Facts: On Jan 24, 1911, plaintiff and the respondent entered into a contract making the latter an
agent of the former. The contract stipulates that Don Andres Quiroga, here in petitioner, grants
exclusive rights to sell his beds in the Visayan region to J. Parsons. The contract only stipulates
that J.Parsons should pay Quiroga within 6 months upon the delivery of beds.
Quiroga files a case against Parsons for allegedly violating the following stipulations: not to sell
the beds at higher prices than those of the invoices; to have an open establishment in Iloilo; itself
to conduct the agency; to keep the beds on public exhibition, and to pay for the advertisement
expenses for the same; and to order the beds by the dozen and in no other manner. With the
exception of the obligation on the part of the defendant to order the beds by the dozen and in no
other manner, none of the obligations imputed to the defendant in the two causes of action are
expressly set forth in the contract. But the plaintiff alleged that the defendant was his agent for
the sale of his beds in Iloilo, and that said obligations are implied in a contract of commercial
agency. The whole question, therefore, reduced itself to a determination as to whether the
defendant, by reason of the contract hereinbefore transcribed, was a purchaser or an agent of the
plaintiff for the sale of his beds.
Issue: Whether the contract is a contract of agency or of sale.

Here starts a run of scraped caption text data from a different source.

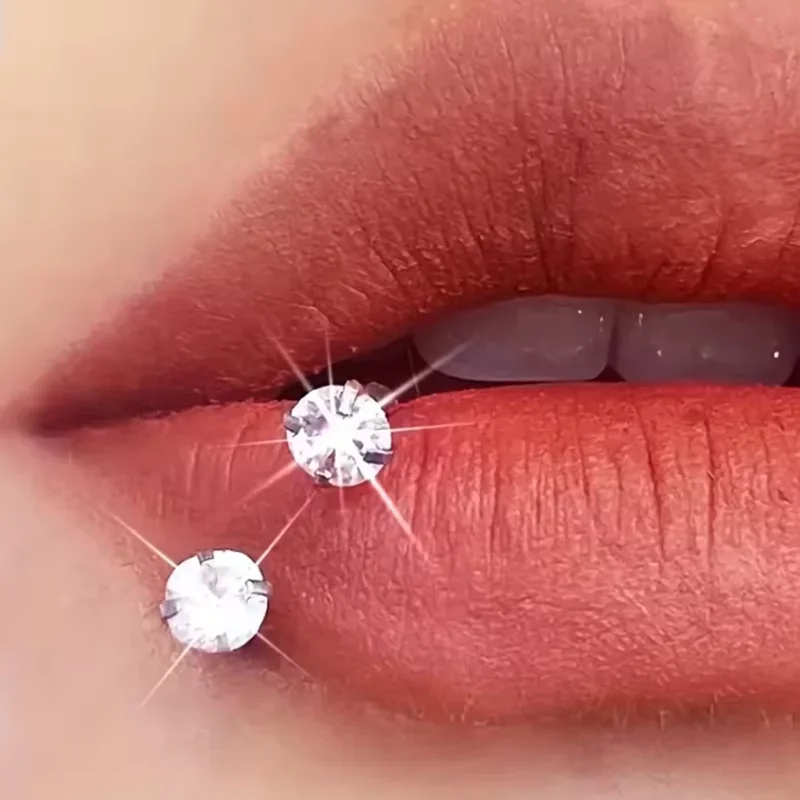 6/2 Uds. Anillos de nariz de herradura con pasador de nariz en forma de L, anillo de nariz Rianbow CZ de acero inoxidable, Piercing de oreja de hélice para cejas y labios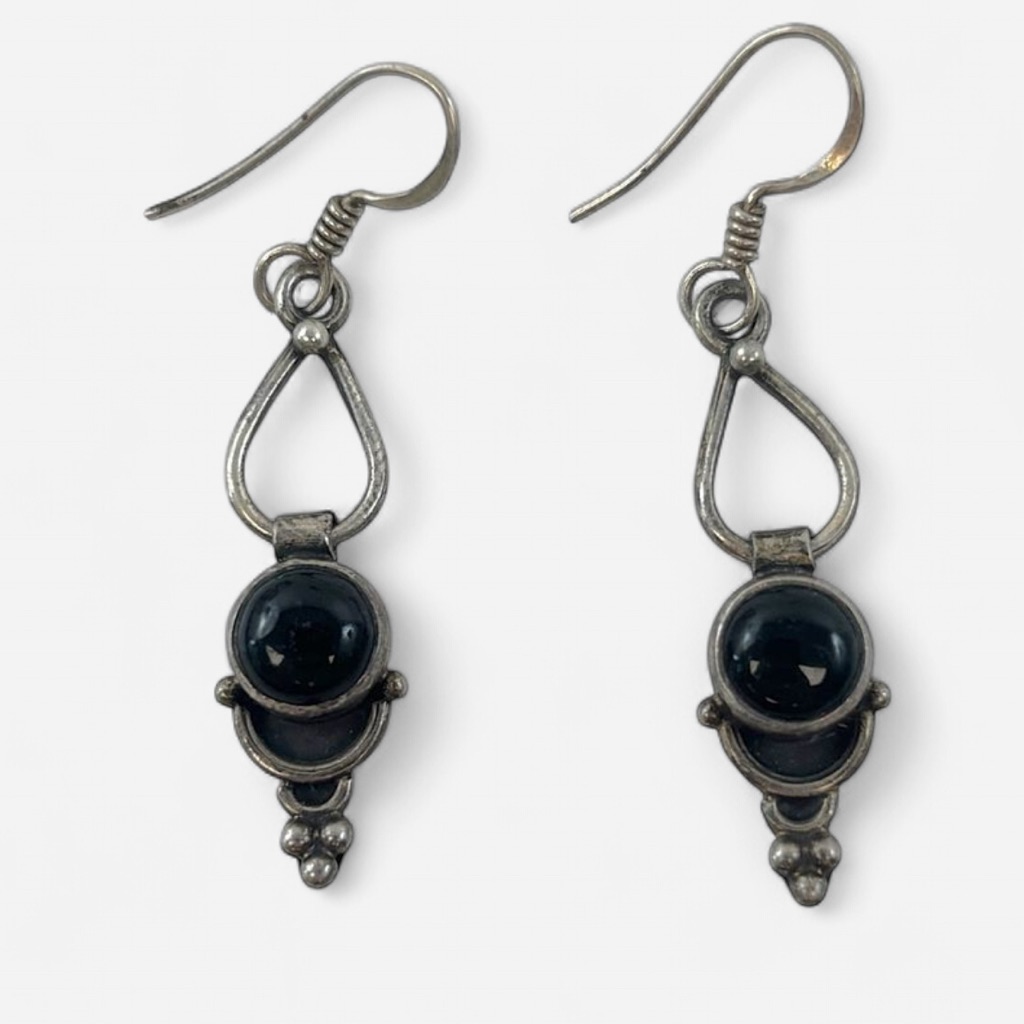 Sterling Silver Black Onyx Pierced Drop Dangle Earrings 35$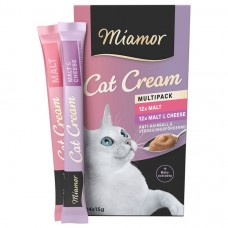 Miamor Cat Cream Multipack Malt-Cream & Malt-Cheese, кремові ласощі для котів, для виведення шерсті, 2 смаки по 12 стіків (24х15 г)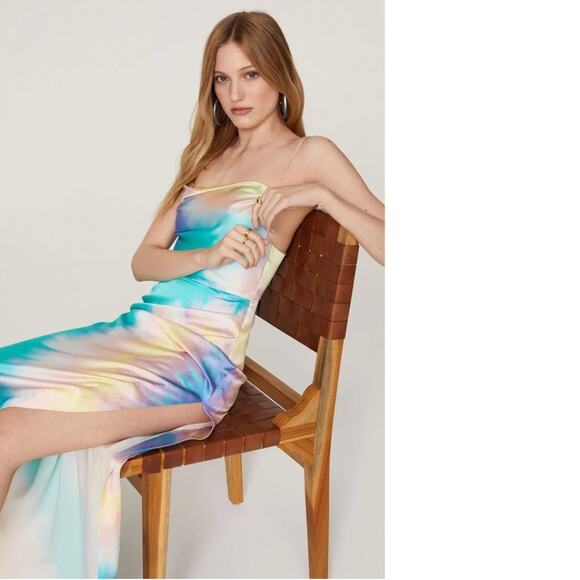 Retrofete Marlene Satin Silk Maxi Dress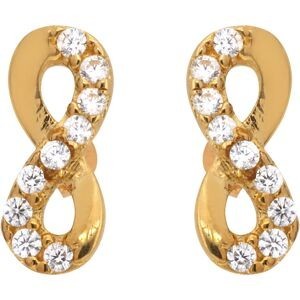 Boucles D'oreilles Or 375 Infini Zirconium 4*8mm Fermoir Or 375 Sicilone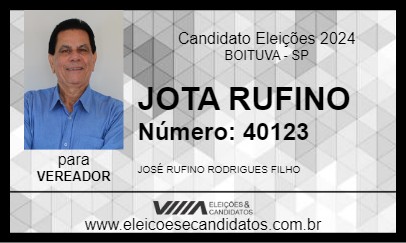 Candidato JOTA RUFINO 2024 - BOITUVA - Eleições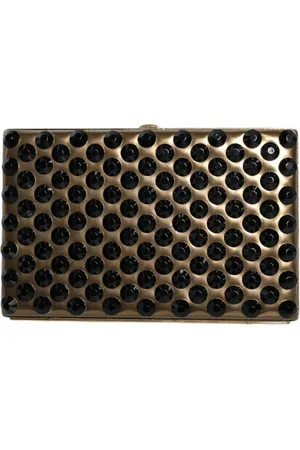 Dolce & Gabbana Torebki, Kobieta, Żółty, ONE SIZE, Skóra, Kryształowa Bifold Clutch Złota Skóra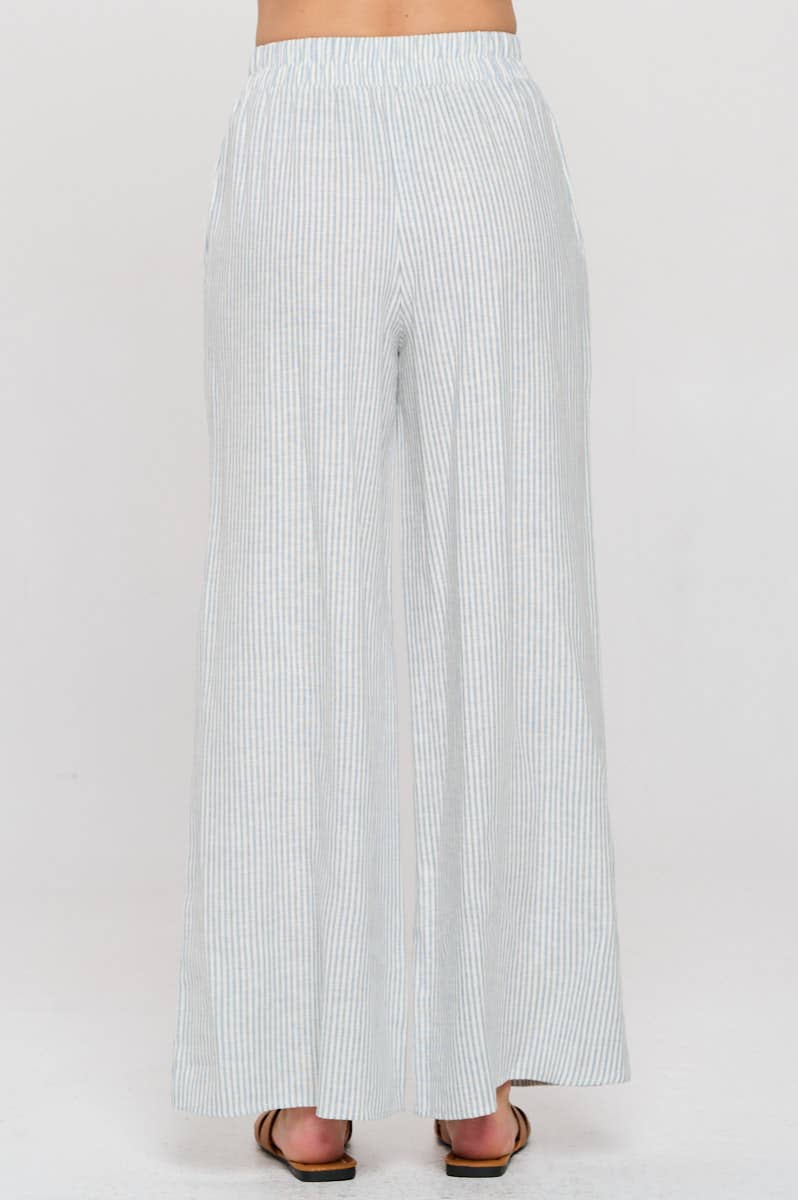 Made in USA Cotton Striped Wide Leg Pants with Pockets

Held: In order to classify a contract, due attention must be given to its essential clauses. In the
contract in question, what was essential, as constituting its cause and subject matter, is that the
plaintiff was to furnish the defendant with the beds which the latter might order, at the price
stipulated, and that the defendant was to pay the price in the manner stipulated. Payment was to
be made at the end of sixty days, or before, at the plaintiffs request, or in cash, if the defendant
so preferred, and in these last two cases an additional discount was to be allowed for prompt
payment. These are precisely the essential features of a contract of purchase and sale. There was
the obligation on the part of the plaintiff to supply the beds, and, on the part of the defendant, to
pay their price. These features exclude the legal conception of an agency or order to sell whereby
the mandatory or agent received the thing to sell it, and does not pay its price, but delivers to the
principal the price he obtains from the sale of the thing to a third person, and if he does not
succeed in selling it, he returns it. By virtue of the contract between the plaintiff and the
defendant, the latter, on receiving the beds, was necessarily obliged to pay their price within the
term fixed, without any other consideration and regardless as to whether he had or had not sold
the
beds.
In respect to the defendants obligation to order by the dozen, the only one expressly imposed by
the contract, the effect of its breach would only entitle the plaintiff to disregard the orders which
the defendant might place under other conditions; but if the plaintiff consents to fill them, he
waives his right and cannot complain for having acted thus at his own free will.
For the foregoing reasons, we are of opinion that the contract by and between the plaintiff and
the defendant was one of purchase and sale, and that the obligations the breach of which is
alleged as a cause of action are not imposed upon the defendant, either by agreement or by law.